Petitions of the week
Billboard taxes, the mailbox rule and expungement jurisdiction
on Aug 27, 2021 at 9:12 pm
This week we highlight cert petitions that ask the Supreme Court to consider, among other things, how the First Amendment constrains taxes on billboard owners, whether the “mailbox rule” applies to prisoners represented by counsel, and the scope of district courts’ jurisdiction over expungement motions.
In November, the court will hear argument in City of Austin v. Reagan National Advertising of Texas, a First Amendment challenge to an Austin regulation that bars some digitized billboards but allows others depending on the billboard’s location. A new petition asks the court to take up another challenge to a city policy that involves differential treatment of signs.
The city of Baltimore taxes the owners of displays that advertise services that occur in a different location, meaning many billboards but not other types of signs. One of the country’s largest billboard-advertising companies challenged the tax under the First Amendment. Applying a relaxed standard, Maryland’s highest court upheld the tax as rationally related to the city’s legitimate interest in raising public revenue. In its petition, the billboard owner, one of four such companies in Baltimore, argues that a heightened standard should apply. The company also argues that Baltimore’s distinction between on-premises signs and off-premises signs is “even more problematic” than the one presented in Austin. The case is Clear Channel Outdoor, LLC v. Raymond.

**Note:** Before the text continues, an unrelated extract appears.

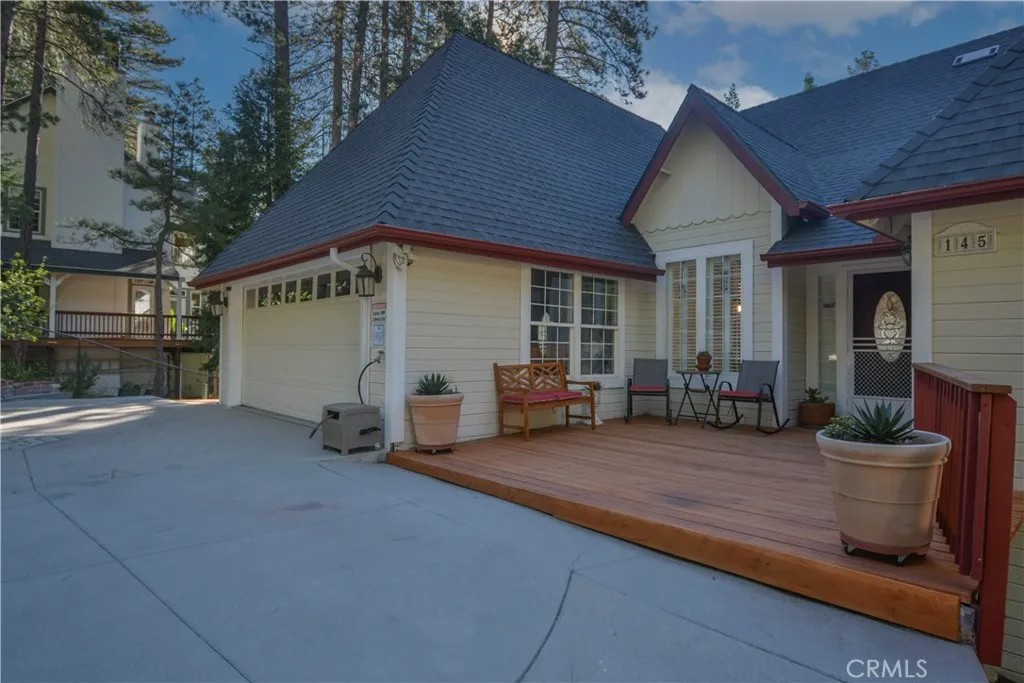 145 Birchwood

Under the mailbox rule, a prisoner’s filing is timely if mailed by the due date, even if it arrives late to the court. In Cretacci v. Call, Blake Cretacci argues that a circuit split has arisen as to whether the rule applies to prisoners represented by counsel. Cretacci, a pre-trial detainee, submitted to the inmate mail system a civil complaint before the statutory deadline on his claims, but the pleading arrived at the district court too late. Although a lawyer had helped Cretacci to prepare the complaint, Cretacci had filed “pro se” (representing himself) because the lawyer was not a member of the relevant bar. The U.S. Court of Appeals for the 6th Circuit denied Cretacci the benefit of the mailbox rule on the ground that he was sufficiently represented by counsel. Cretacci asks the justices to review and reverse this holding.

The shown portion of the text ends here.